- **Problem**:
Print the listing below a second time, exactly, and omit its images.

- **Source material**:
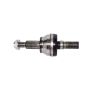 GSP NCV24035 Jaguar CV Axle Assembly  - Rear Right
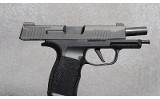 Smith & Wesson M&P 9 Shield PC Pistol, 9mm, 3.1" Barrel, 1.5 lbs. - Image 5 of 6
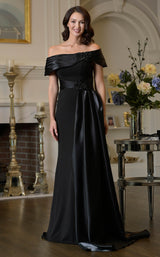 4 of 4 Marsoni M347 Black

- **Output for this exercise**:
 GSP NCV24035 Jaguar CV Axle Assembly  - Rear Right
 Smith & Wesson M&P 9 Shield PC Pistol, 9mm, 3.1" Barrel, 1.5 lbs. - Image 5 of 6
 4 of 4 Marsoni M347 Black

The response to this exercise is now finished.